START Information provided

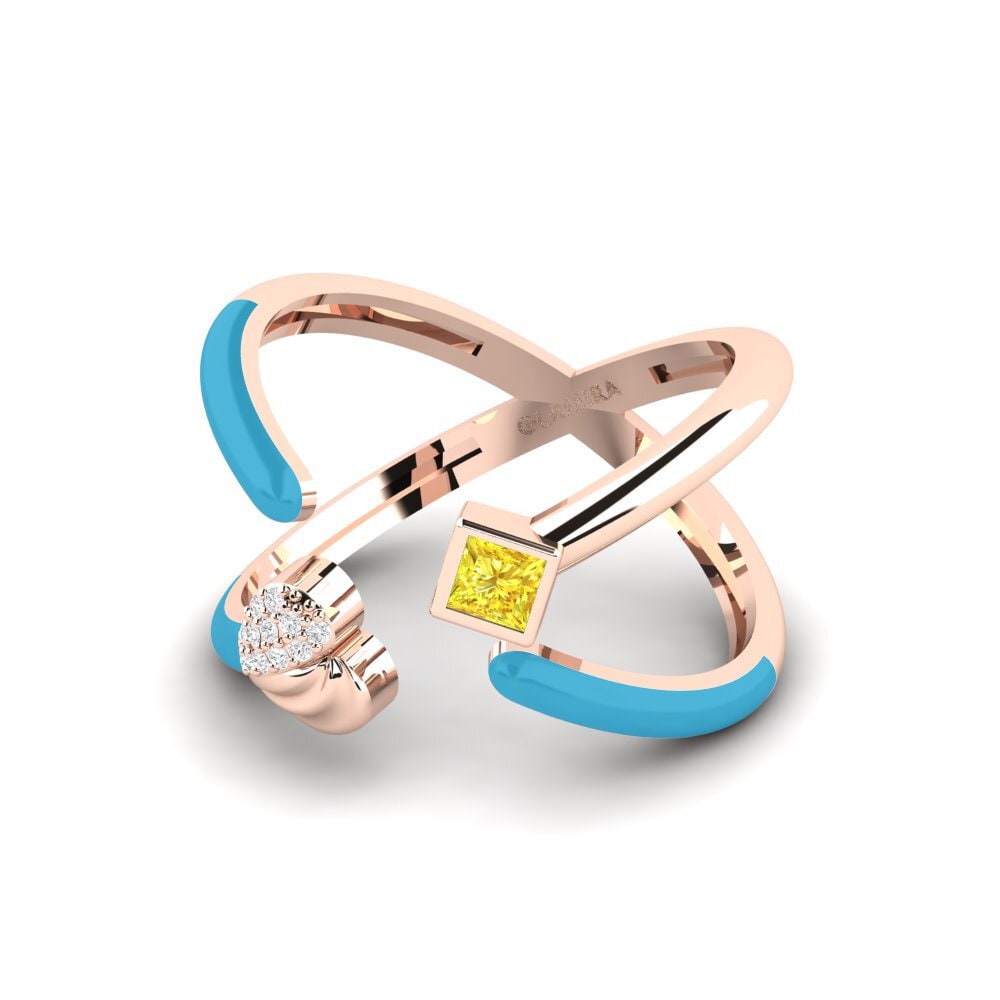 18ct Rose Gold Ring Hued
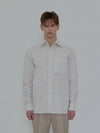 Men's Comfort Silhouette Shirt Light Gray - FILLCHIC - BALAAN 1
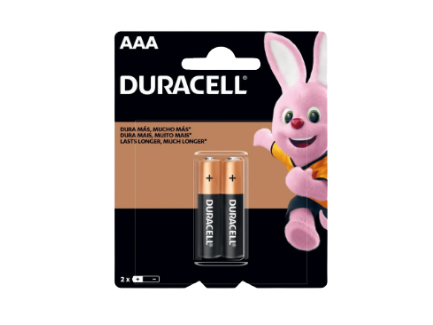 Duracell Pila Alcalina AAA x2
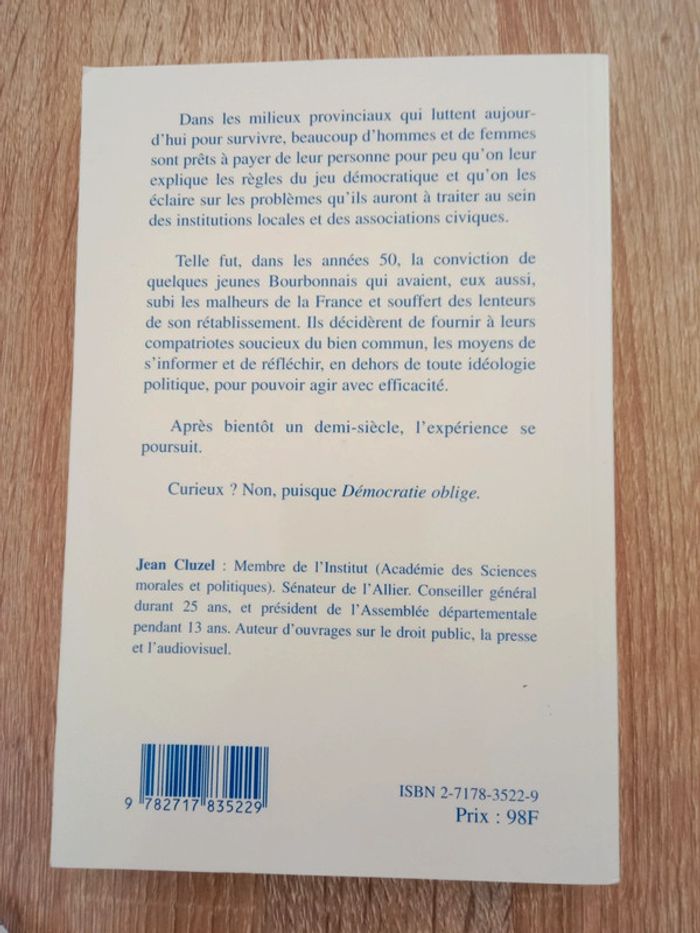Jean Cluzel 💠Démocratie oblige - photo numéro 2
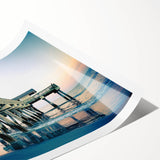 Extra large wall art featuring line art flowers in muted earth tones on a rolled print, ideal for large living room decor.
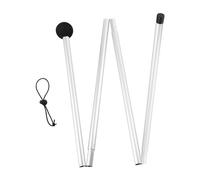 LOVIVER Poste Toldo Aluminio para Tienda Varilla Carpa Bastón Desmontable Ajustable Ligero Adecuado para Refugio de Playa Camping Picnic, Punta Plana de 1,6 M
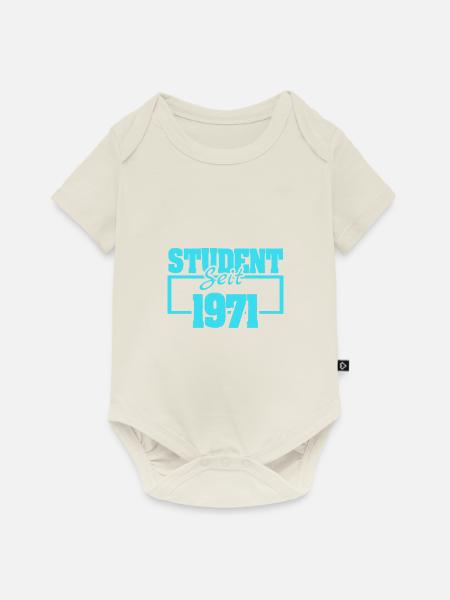 seit 1971 - Baby Premium Kurzarmbody - Naturweiß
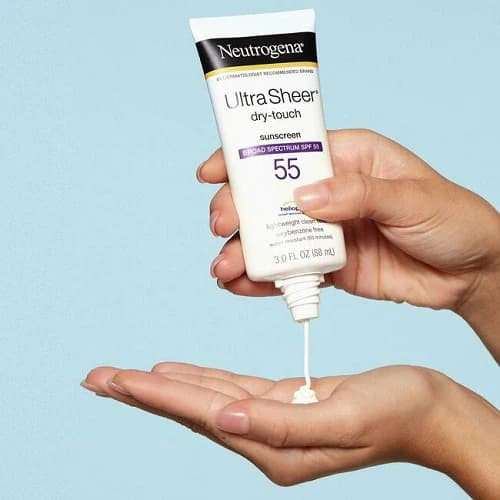 کرم ضد آفتاب مدل Ultra Sheer بی رنگ SPF 55 برند نوتروژینا — تصویر ۲
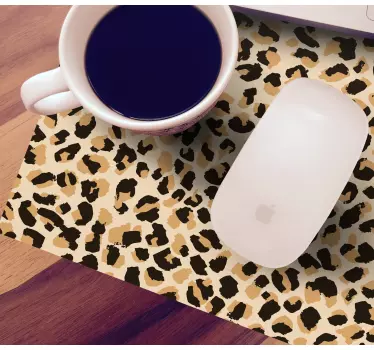 Originalna podloga za miško z leopardovim tiskom - TenStickers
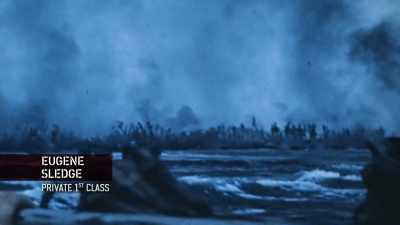 Eugene Sledge:
THE BEACH WAS A SHEET OF FLAME - The Pacific War in Color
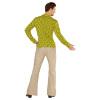 foto 3 Groovy 70's disco blouse wallpaper groen  heren 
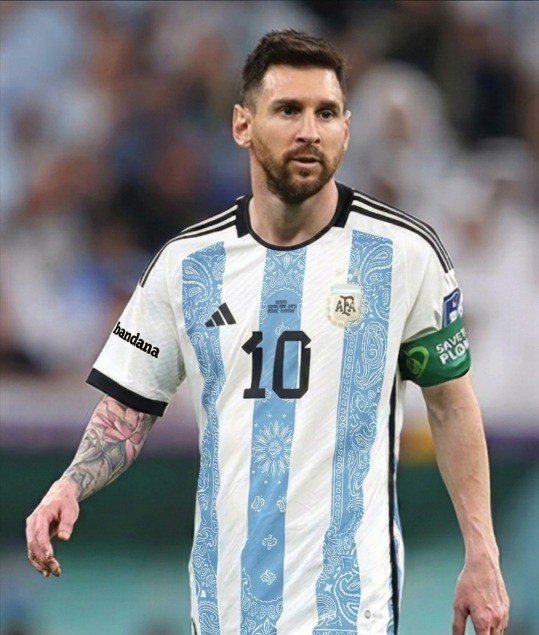 Bandana x Messi Jersey Baby Blue Bandana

END Information provided

## Problem statement
Exactly the lines from the one with "LOVIVER Poste Toldo" through the end of the entries above must be written out, and no pictures may be included.

## Solution to the problem
 LOVIVER Poste Toldo Aluminio para Tienda Varilla Carpa Bastón Desmontable Ajustable Ligero Adecuado para Refugio de Playa Camping Picnic, Punta Plana de 1,6 M
 seit 1971 - Baby Premium Kurzarmbody - Naturweiß
 کرم ضد آفتاب مدل Ultra Sheer بی رنگ SPF 55 برند نوتروژینا — تصویر ۲
 Originalna podloga za miško z leopardovim tiskom - TenStickers
 Eugene Sledge:
THE BEACH WAS A SHEET OF FLAME - The Pacific War in Color
 foto 3 Groovy 70's disco blouse wallpaper groen  heren 
 Bandana x Messi Jersey Baby Blue Bandana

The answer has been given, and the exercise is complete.